*** MATERIAL SHOWN Section Begins ***

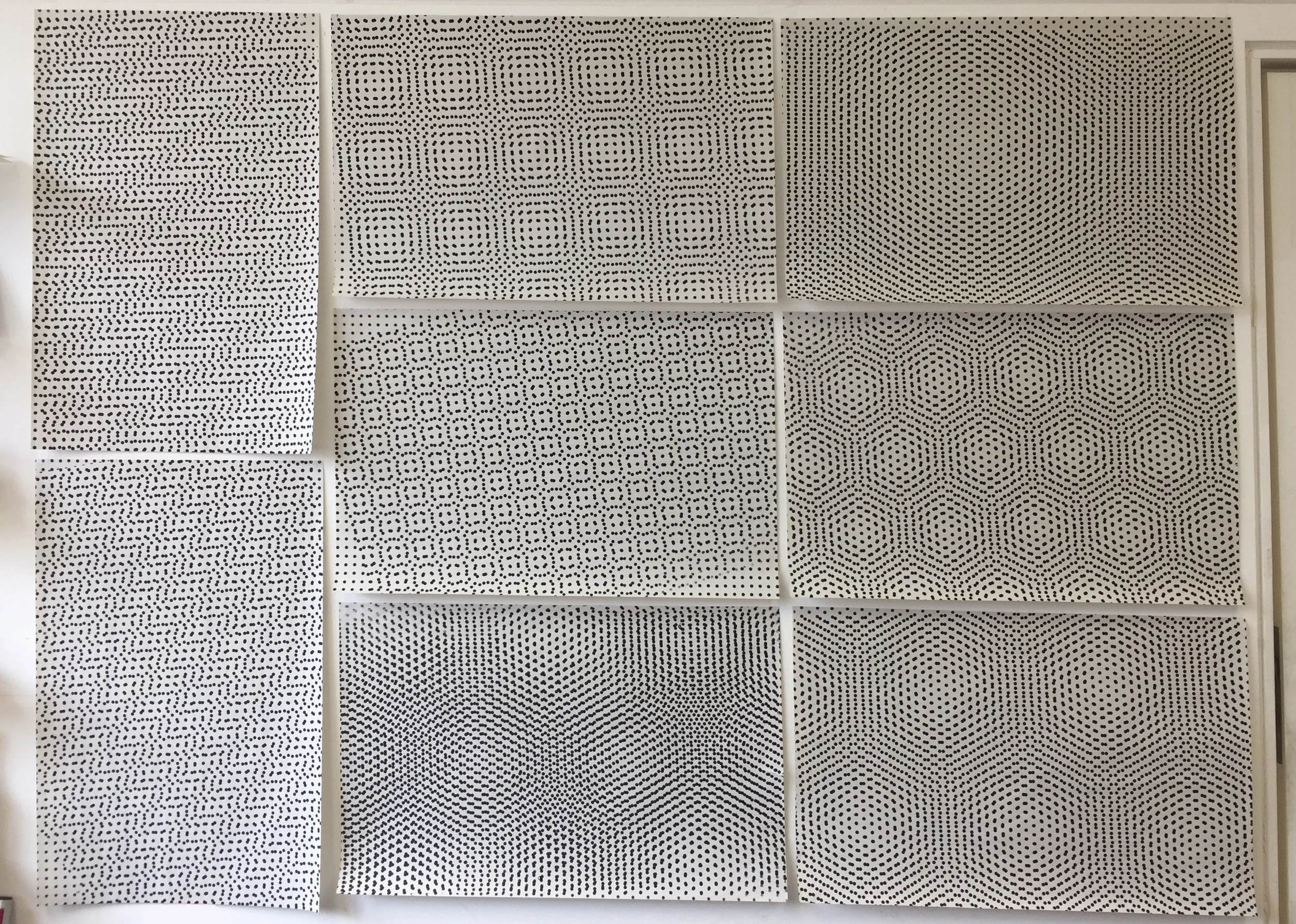 Print experiments on the studio wall.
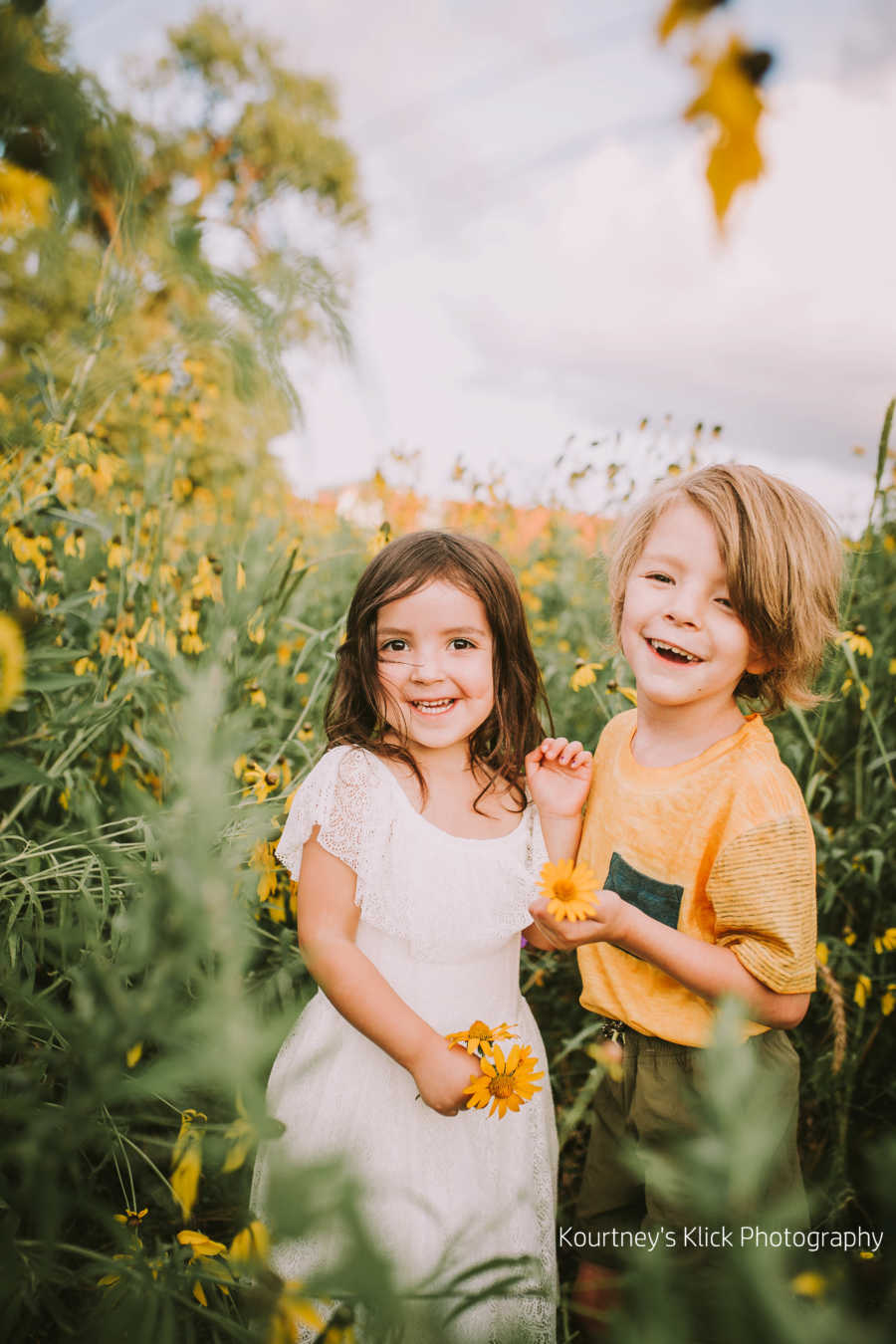 Boy with chromosome 7 inversion smiling in sunflower field next to little sister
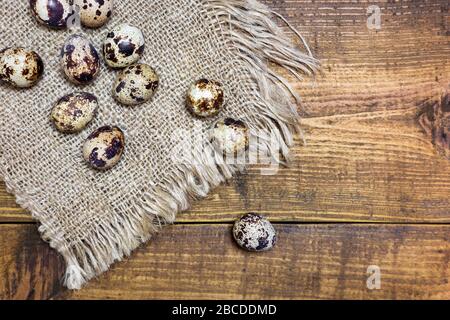 Close-up photo of fresh organic quail eggs on rustic background. Top view, copy space. Easter holidays concept. Stock Photo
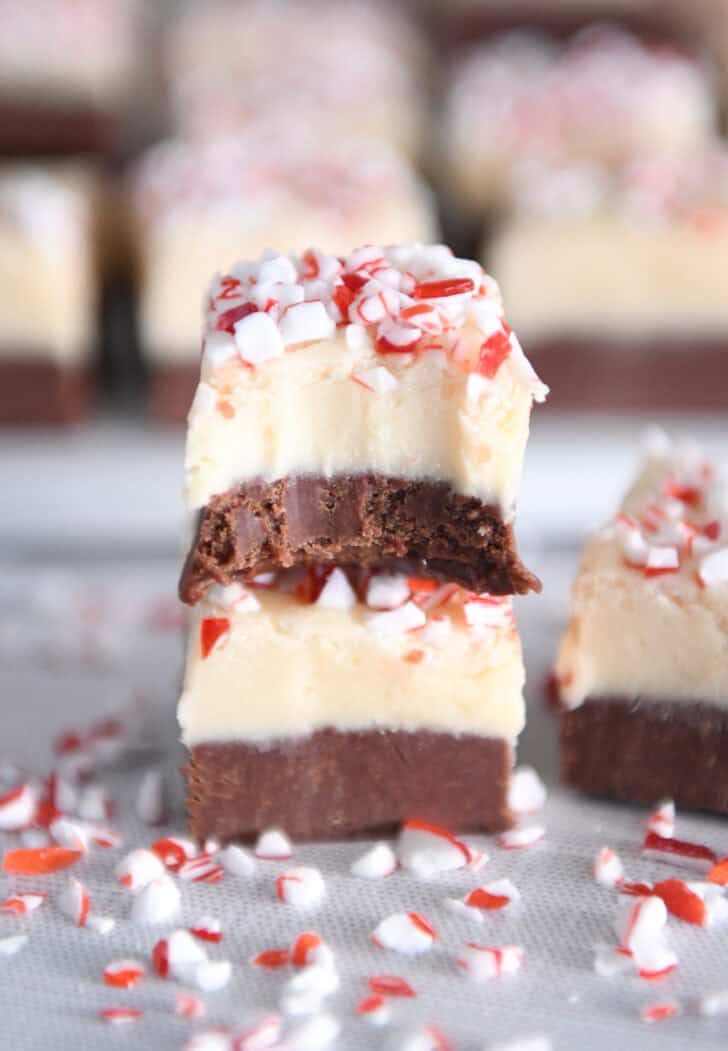 Two pieces of peppermint bark fudge stacked. Top piece has bite taken out of half.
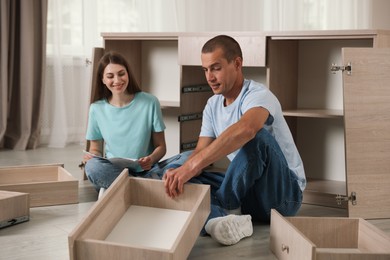 Photo of Happy couple assembling furniture on floor at home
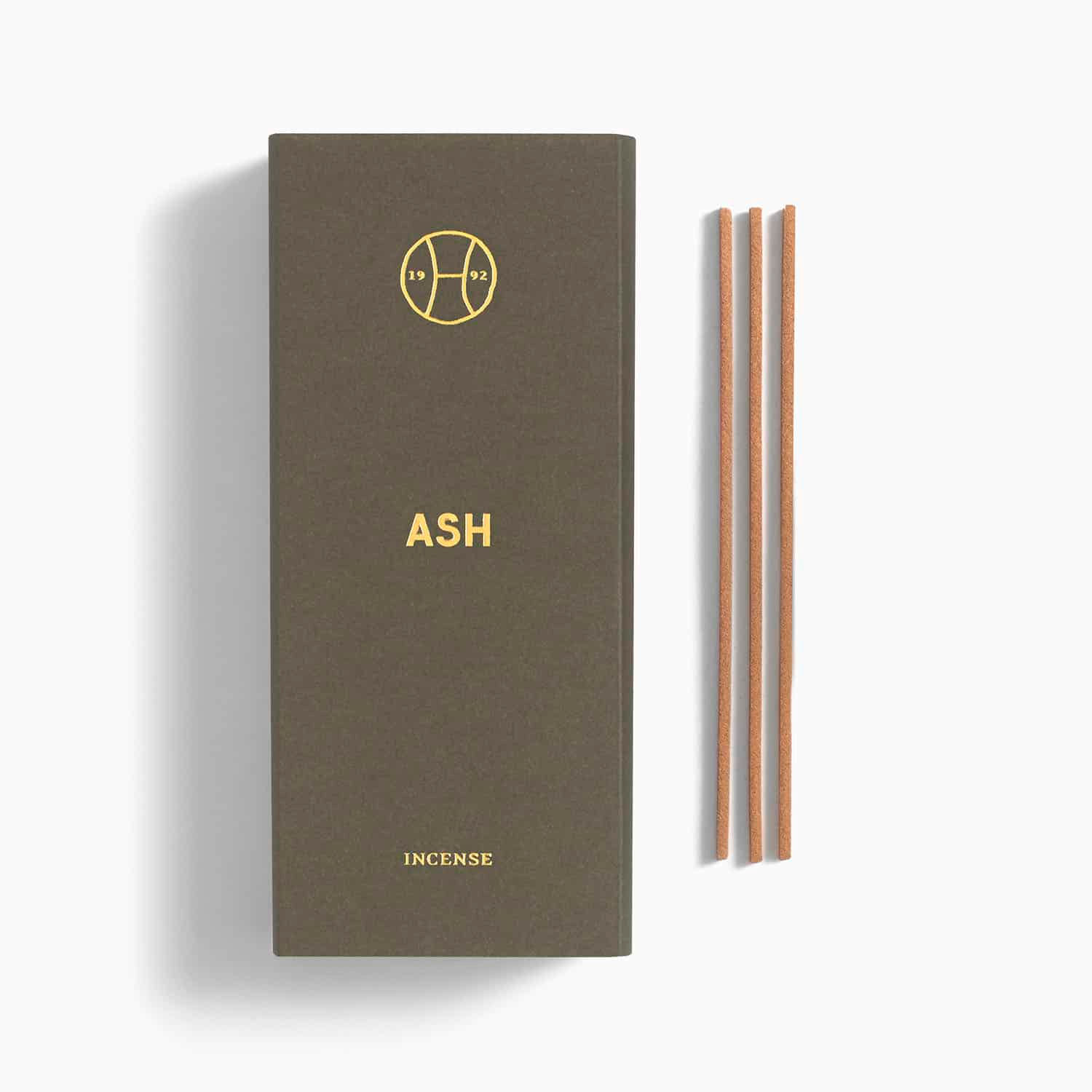 Japanese incense beside its box packaging.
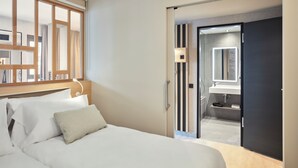 A hotel room with a bed, a bedside lamp, a wardrobe, and a bathroom visible through an open door.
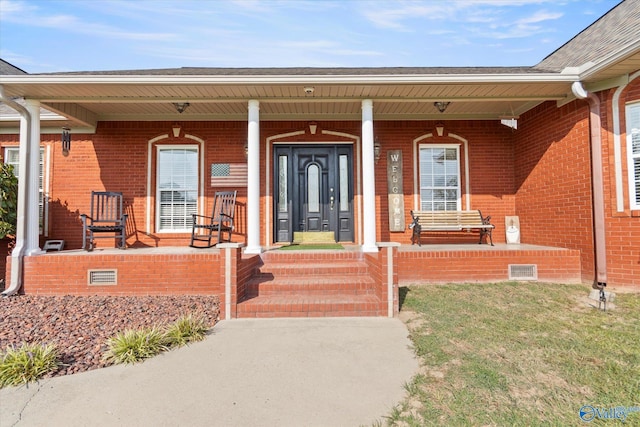 entrance to property with covered porch and brick siding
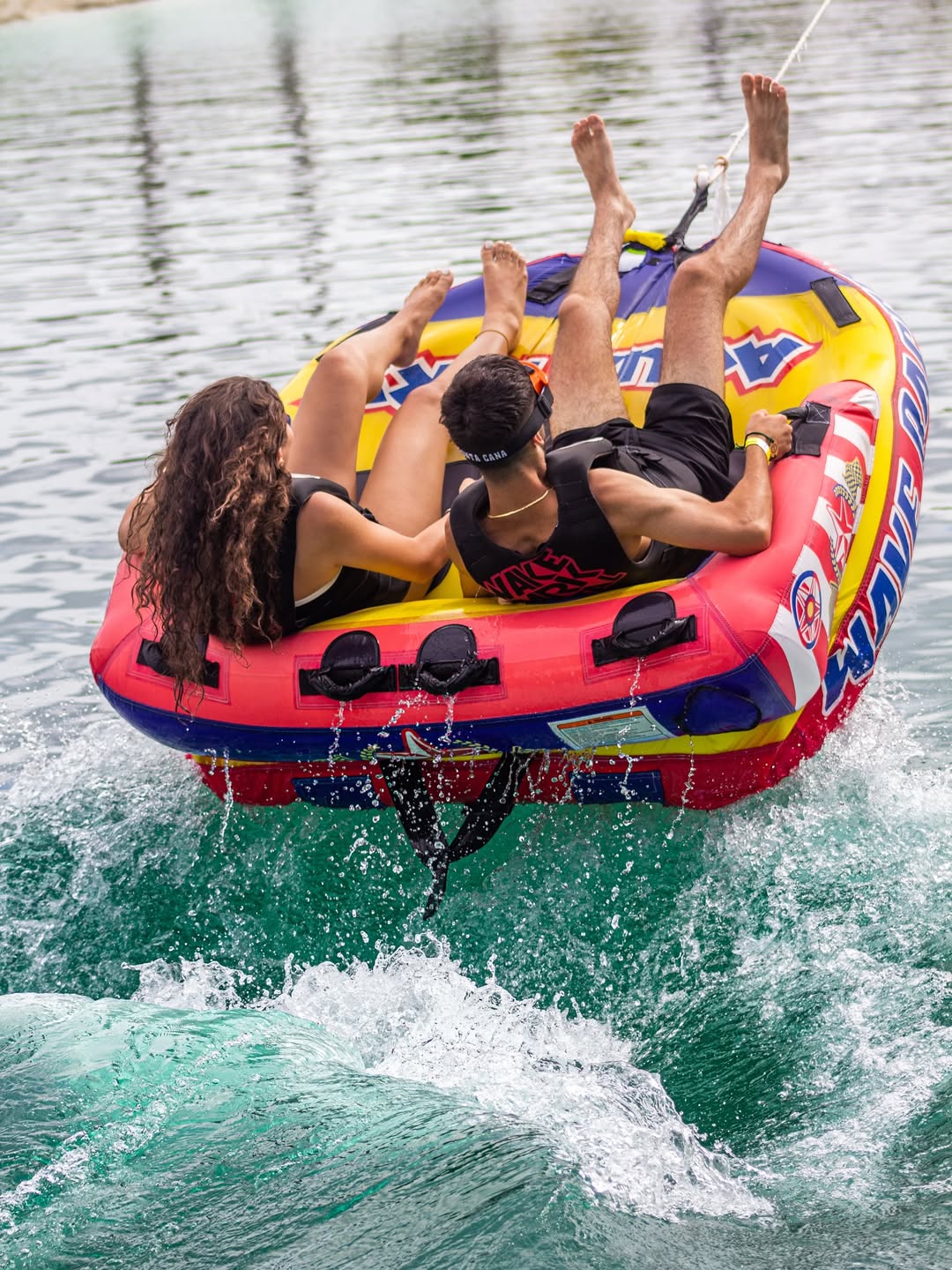 Two people in life jackets riding a colorful towable tube over a boat wake on a turquoise lake, splashing water — summer lake tubing fun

*** MATERIAL SHOWN Section Ends ***

ASSIGNED TASK:
The data above is to be printed exactly, all of it, except for the pictures.

REPLY:
 Print experiments on the studio wall.
 Boy with chromosome 7 inversion smiling in sunflower field next to little sister
 Close-up photo of fresh organic quail eggs on rustic background. Top view, copy space. Easter holidays concept. Stock Photo
 Two pieces of peppermint bark fudge stacked. Top piece has bite taken out of half.
 Photo of Happy couple assembling furniture on floor at home
 Japanese incense beside its box packaging.
 A hotel room with a bed, a bedside lamp, a wardrobe, and a bathroom visible through an open door.
 entrance to property with covered porch and brick siding
 Two people in life jackets riding a colorful towable tube over a boat wake on a turquoise lake, splashing water — summer lake tubing fun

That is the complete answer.